Pablo Ortellado, professora da USP que se dedica ao estuda das redes sociais, lembra o caso da China. Lá os principais sites e aplicativos sociais do Ocidente foram banidos e substituídos por similares desenvolvidos por empresas chinesas subordinadas ao poder do Estado. Dessa maneira é possível vetar conteúdos e proibir buscas a respeito de determinados temas e palavras.

"Se o país não desenvolver programas nacionais, é muito difícil controlar esses serviços, pois essas grandes empresas operam todas nos EUA, estariam fora do alcance do governo de um determinado país. Num caso extremo, o mais fácil seria suspender sites e redes sociais".

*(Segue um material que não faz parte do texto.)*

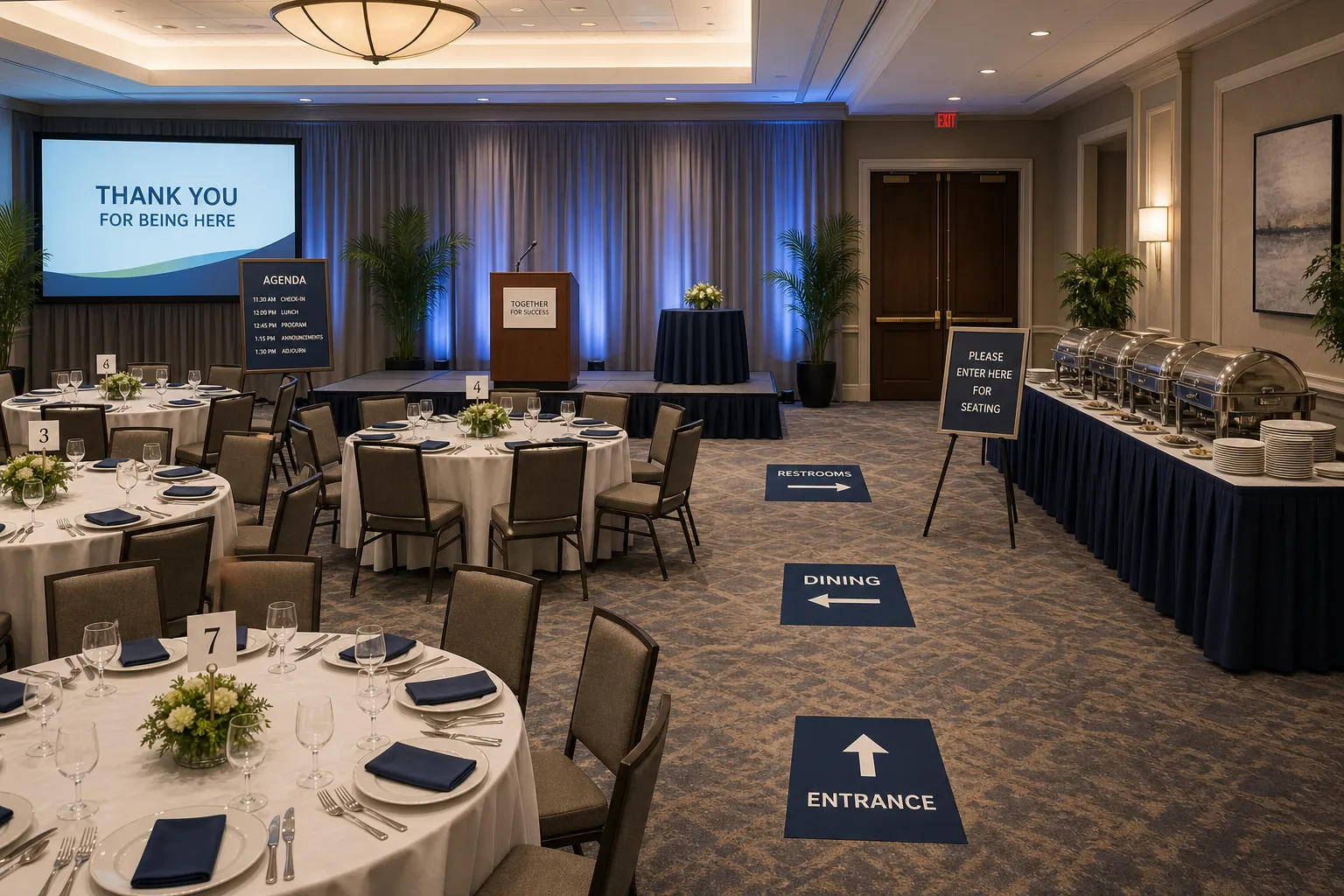 Organized event layout supporting speeches and delivery service in Broomfield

Ele destaca o nefasto processo de submissão pelo qual passaria a sociedade civil após uma ação absolutista como essa, uma vez que as redes sociais cumprem uma função de informação e mobilização social.
Daniel Fink, engenheiro de telecomunicação, cita outros modelos externos totalitários. Na Síria, conta, houve investimento em espionagem na rede para identificar usuários influentes que estimulassem ações contra o governo.

"Na verdade, a internet até ajuda na perseguição, pois acaba sendo uma ferramenta informatizada de delação premiada. Tudo o que se faz gera um registro. Tecnicamente é muito simples identificar o usuário", diz.

Esse método, diz ele, permitiria uma perseguição mais velada, dando ao país a oportunidade de ostentar um pretenso verniz democrático, em contraposição ao ato escancarado de vetar a internet. Exemplo mais extremo é o caso da Coreia do Norte, cujos cidadãos são proibidos de usar a internet. Lá só é liberada uma rede interna, com informações autorizadas pelo governo.

Para o advogado Diogo Rais, uma novo de AI 5 teria uma roupagem mais diversa. No lugar da informação, o Estado totalitário controlaria a desinformação. As forças da ditadura teriam um setor de distribuição em massa de notícias falsas.

"Uma propagação intensa de notícias falsas teria o efeito de ludibriar a população em favor do governo, criando um ambiente de desconfiança em relação às instituições, à imprensa tradicional. Poderia levar a uma erosão perigosa dos princípios democráticos", especula.

Um novo AI 5 parece ser um cenário apocalíptico demais para ser concretizado, mas a prudência sugere a eterna vigilância em relação ao Estado.

"A democracia é um processo de construção permanente, incessante, não é um dado posto e estático. Por isso é que devemos defendê-la radical e incondicionalmente", afirma o advogado constitucionalista Marcus Vinicius Furtado Coêlho, ex-presidente da OAB (Ordem dos Advogados do Brasil).

"Os meios de resistência contra o arbítrio são lutar para manter nossas instituições fortes, independentes e imparciais, e a garantia da possibilidade do dissenso democrático, de organizações da sociedade civil e da liberdade de expressão."